▸ Problem details
Copy exactly and only the lines running from the one that contains "BMW X1 xDrive25e" to the final line of the data below, without the pictures.

[Short text fragments from websites]
• • • • • • •

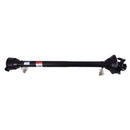 PTO Shaft 50034235 for Bush Hog SQ7 SQ84 SQ72 John Deere 603 613 616 717 Rotary Cutter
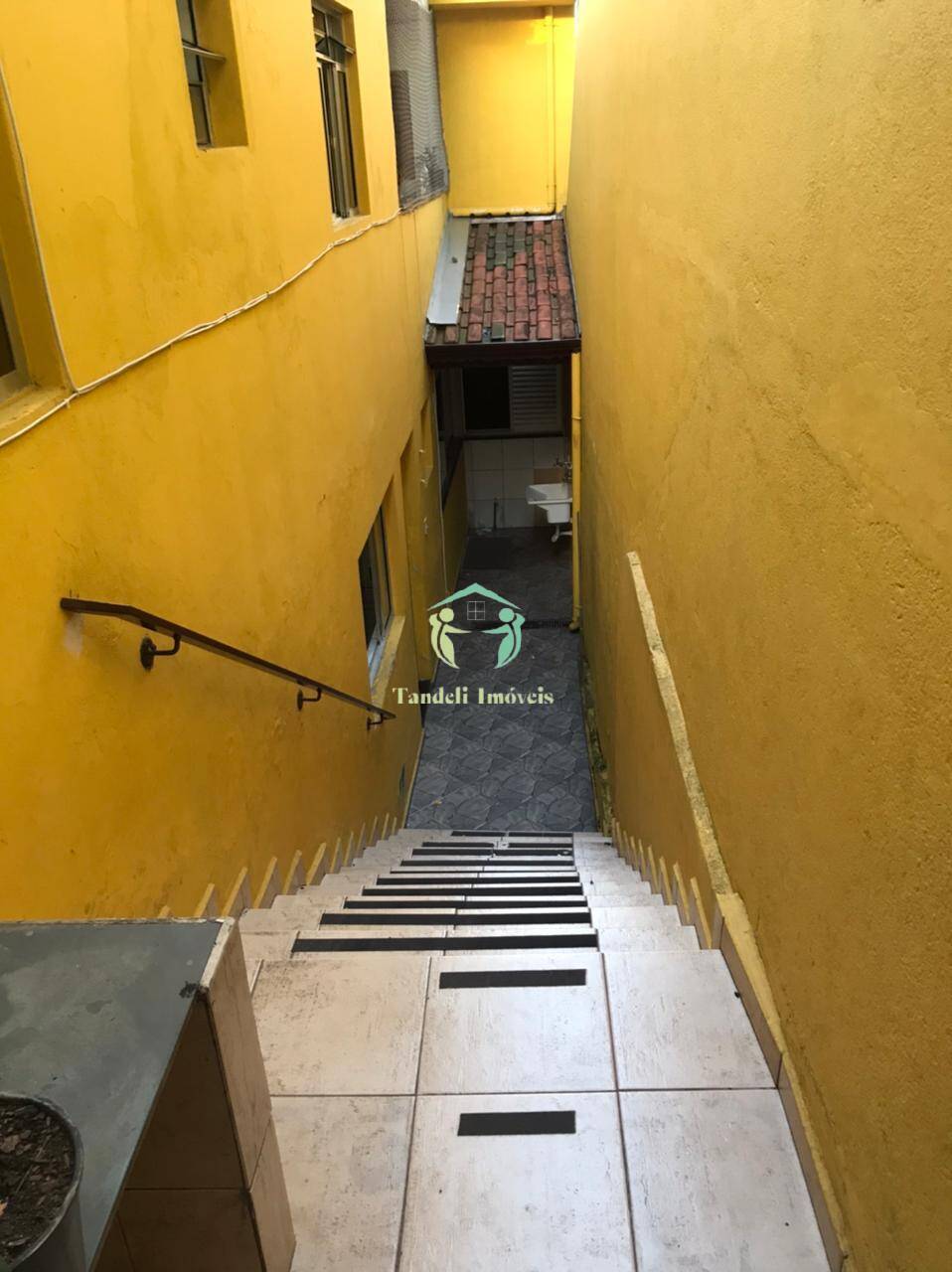 Casa, 3 quartos, 150 m² - Foto 14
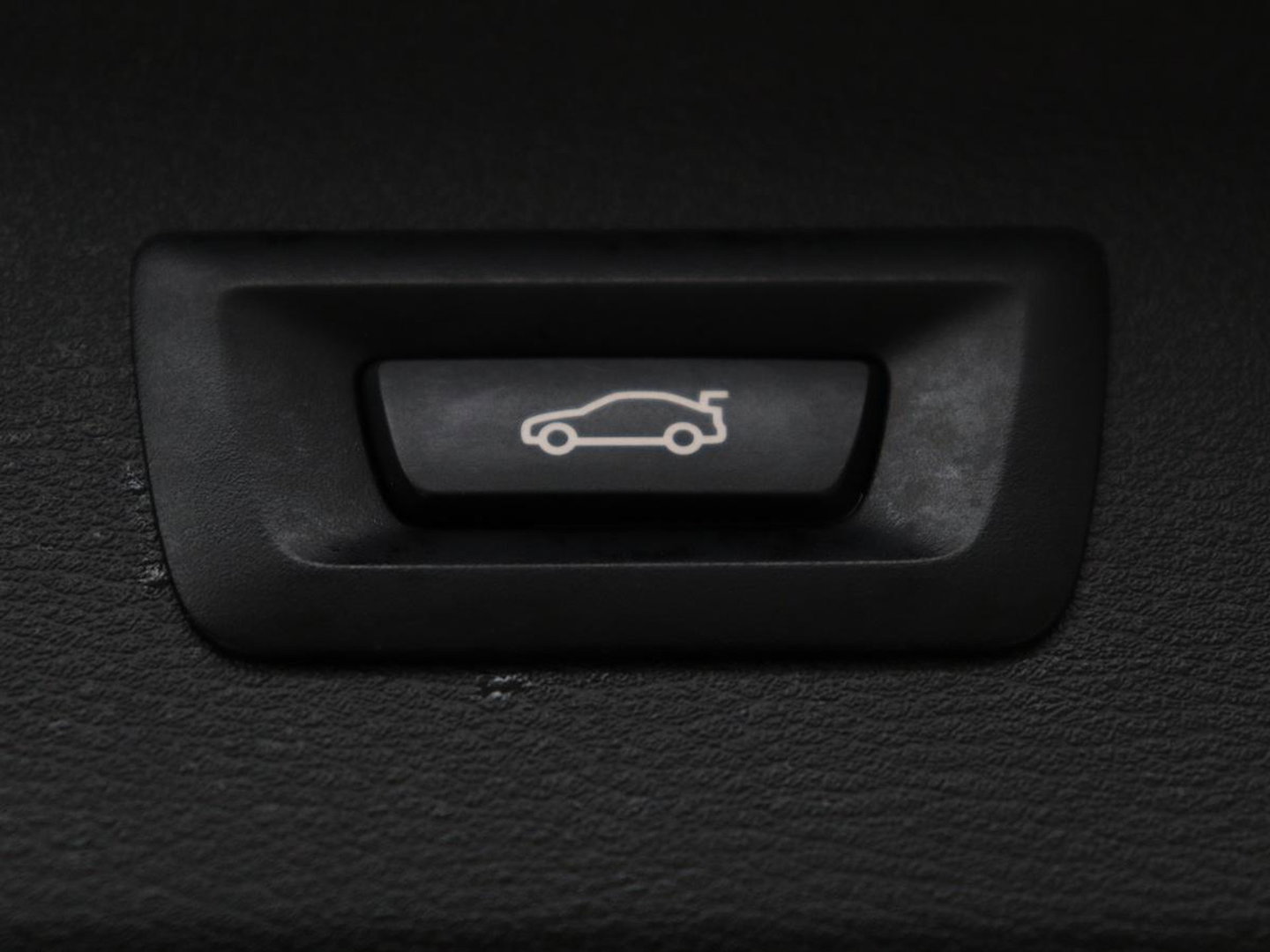 BMW X1 xDrive25e | Panaramadak | Camera | Cruise control | Climate control | Buetooth | Navigatie | DAB+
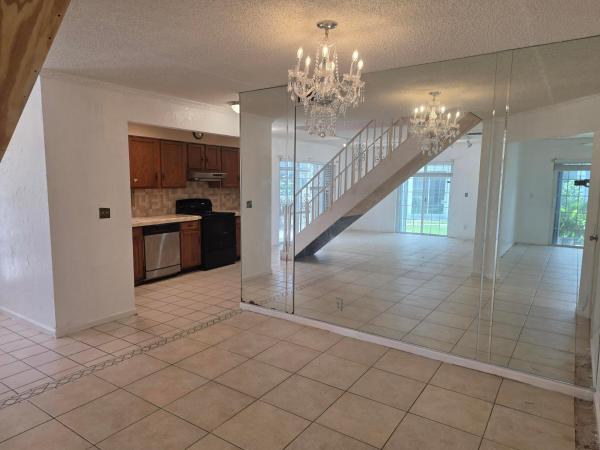 Vision One, 504 Vision Ct, Palm Beach Gardens, Florida 33418, image 2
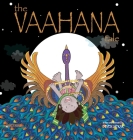 The Vaahana Tale Cover Image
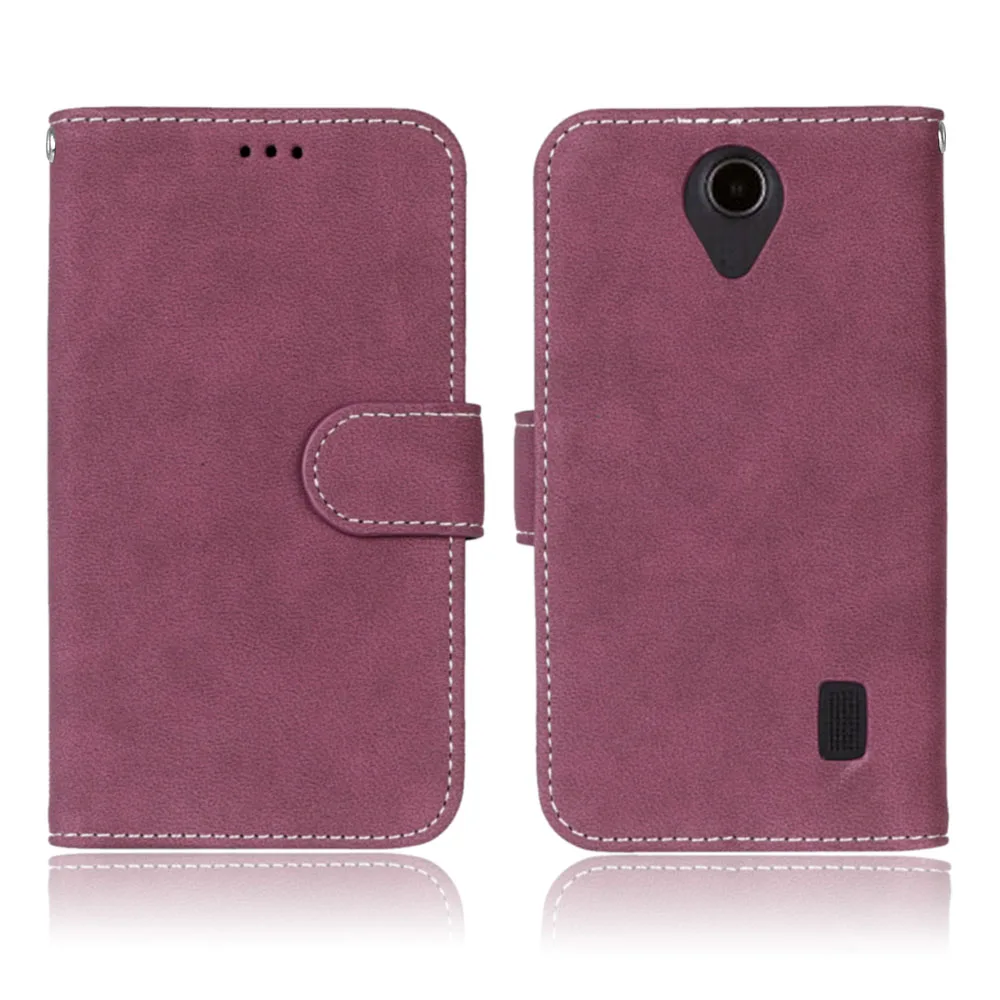 22-Huawei-Y635-#K-2(2)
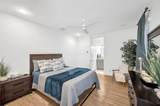 2917 Hicks Street - Photo 31
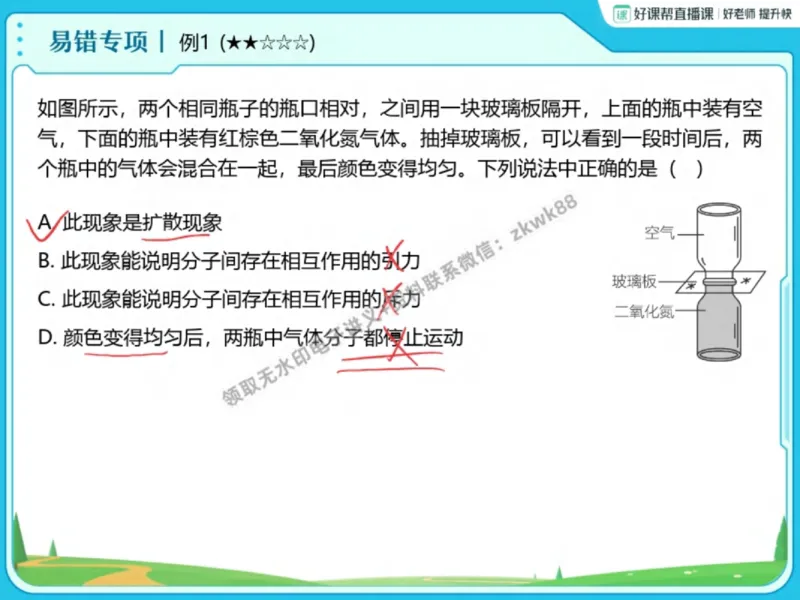 《18.课堂笔记主讲课中笔记_2025初三网课_25初三物理_4.2.2024秋上.A+班初三物理培训班（付雷）_秋季上-暑假班A+_课堂笔记》第6页预览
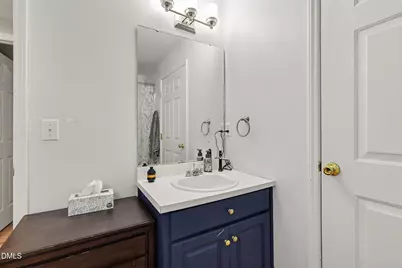 383 Sagamore Drive, Louisburg, NC 27549 - Photo 24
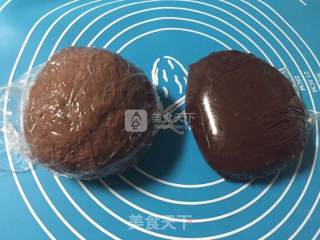 #aca兔子明星大赛#vegetarian Walnut Shortbread~ Walnuts that Do Not Want to be Shortbread are Not A Good Dessert recipe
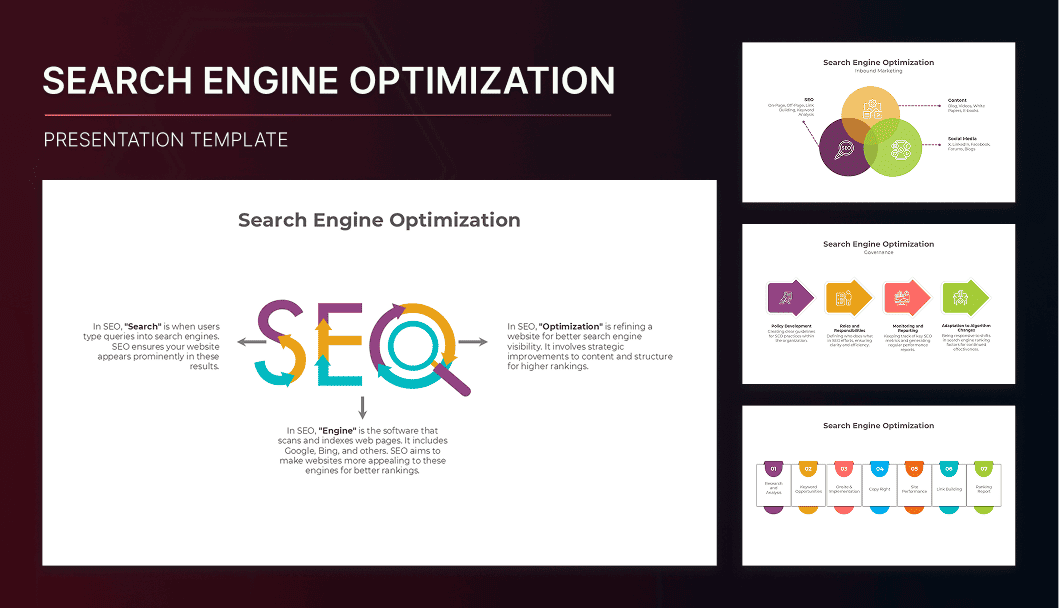 198-slideegg900203-search-engine-optimization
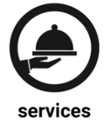 Services Icon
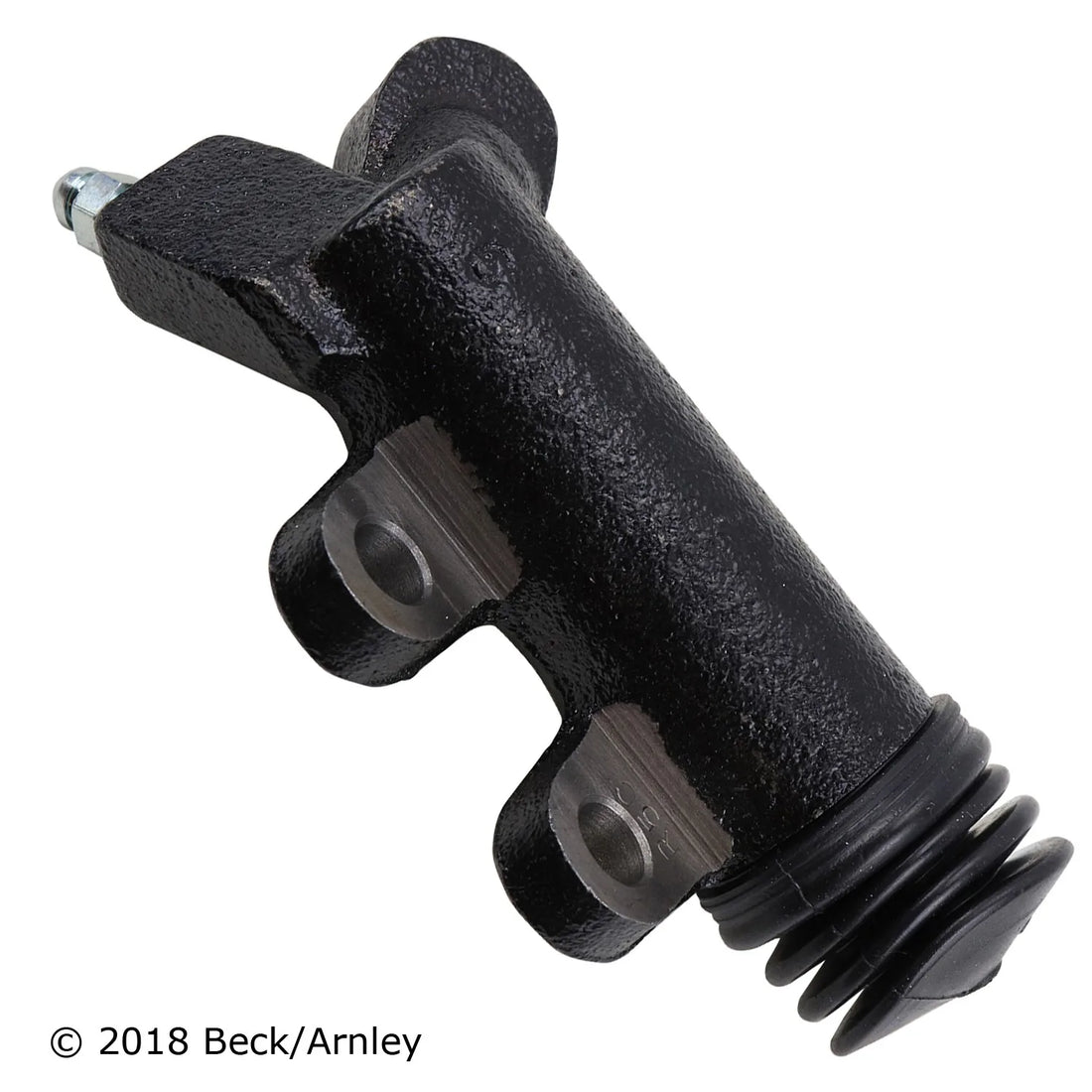 Beck/Arnley 072-9518 2000-2005 Toyota Celica Clutch Slave Cylinder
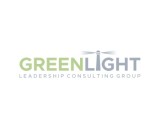 https://www.logocontest.com/public/logoimage/1639797797Greenlight Leadership Consulting Group2.jpg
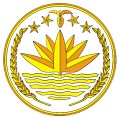掌投助手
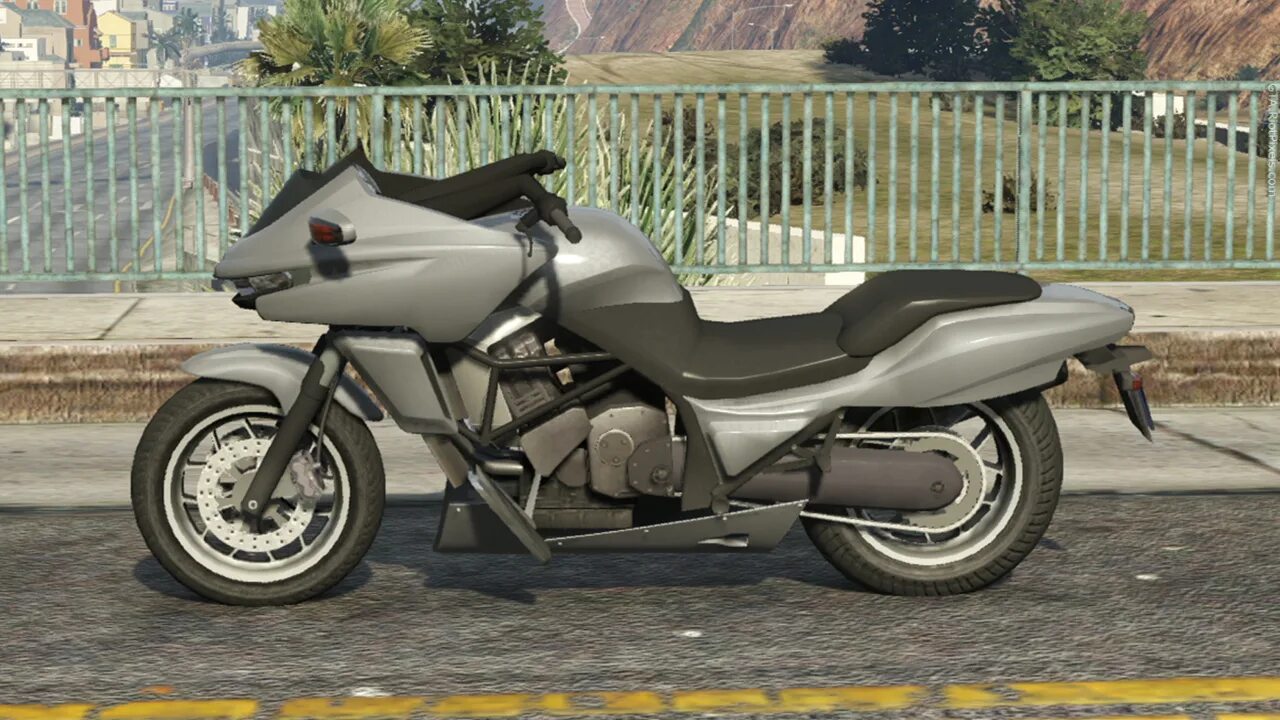 Гта са зависла. Как сделать чтобы гта не вылетала. Гта 5 лицензия. Почему гта сан андреас вылетает. Гта 3 меню.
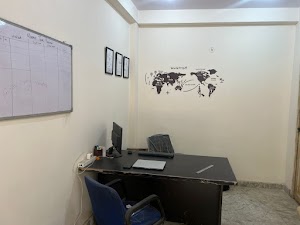 Enjoy My Vacation | Tour Travel Company in Delhi place picture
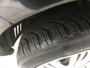 Ford Fusion 1.4-16V Champion Airco, NAP, incl nieuwe APK, Trekhaak,NL auto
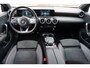 Mercedes-Benz A-klasse 180 136pk AUT Premium Plus | 19'' Velgen | Navigatie | Sport Stuur | Stoelverwarming | Achteruitrijcamera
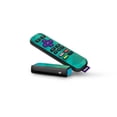 thumbnail image 1 of MightySkins ROEXP-Blue Green Polygon Skin for Roku Express Remote - Blue Green Polygon, 1 of 5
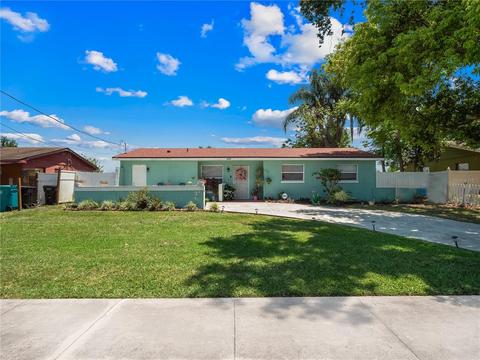 4464 Prince Hall Blvd, Orlando, FL 32811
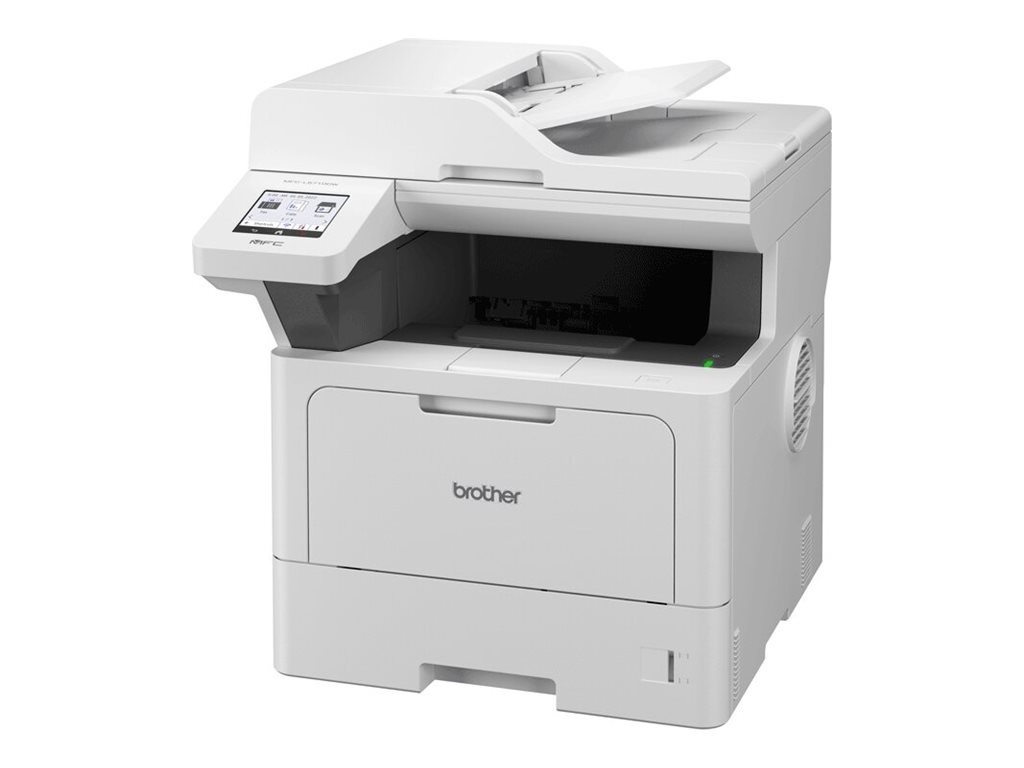 BROTHER MFC-L5710DW MFP Mono B/W laser, MFCL5710DWRE1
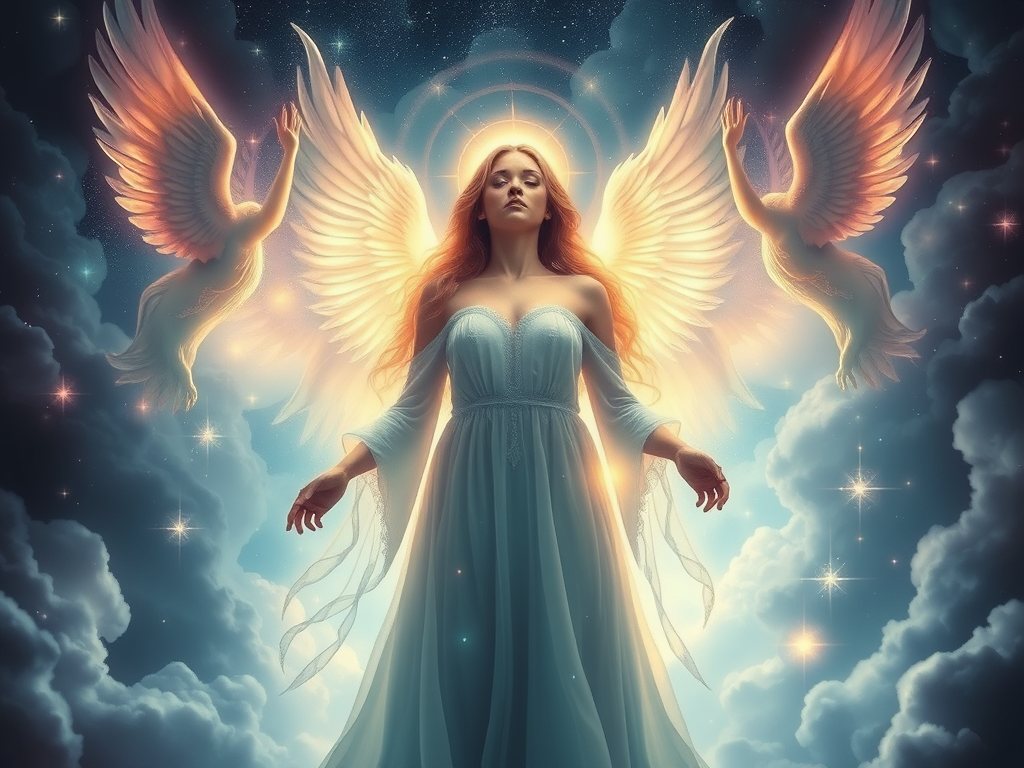 The Astral Projection Course of Study and Archive – Download Hundreds ...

• • • • • • •

▸ Answer box
 BMW X1 xDrive25e | Panaramadak | Camera | Cruise control | Climate control | Buetooth | Navigatie | DAB+
 Vision One, 504 Vision Ct, Palm Beach Gardens, Florida 33418, image 2
 The Vaahana Tale Cover Image
 22-Huawei-Y635-#K-2(2)
 2917 Hicks Street - Photo 31
 《18.课堂笔记主讲课中笔记_2025初三网课_25初三物理_4.2.2024秋上.A+班初三物理培训班（付雷）_秋季上-暑假班A+_课堂笔记》第6页预览
 383 Sagamore Drive, Louisburg, NC 27549 - Photo 24
 #aca兔子明星大赛#vegetarian Walnut Shortbread~ Walnuts that Do Not Want to be Shortbread are Not A Good Dessert recipe
 198-slideegg900203-search-engine-optimization
 Services Icon
 Beck/Arnley 072-9518 2000-2005 Toyota Celica Clutch Slave Cylinder
 https://www.logocontest.com/public/logoimage/1639797797Greenlight Leadership Consulting Group2.jpg
掌投助手
 Гта са зависла. Как сделать чтобы гта не вылетала. Гта 5 лицензия. Почему гта сан андреас вылетает. Гта 3 меню.
 Enjoy My Vacation | Tour Travel Company in Delhi place picture
 Ford Fusion 1.4-16V Champion Airco, NAP, incl nieuwe APK, Trekhaak,NL auto
 Mercedes-Benz A-klasse 180 136pk AUT Premium Plus | 19'' Velgen | Navigatie | Sport Stuur | Stoelverwarming | Achteruitrijcamera
 thumbnail image 1 of MightySkins ROEXP-Blue Green Polygon Skin for Roku Express Remote - Blue Green Polygon, 1 of 5
 4464 Prince Hall Blvd, Orlando, FL 32811
 BROTHER MFC-L5710DW MFP Mono B/W laser, MFCL5710DWRE1
 The Astral Projection Course of Study and Archive – Download Hundreds ...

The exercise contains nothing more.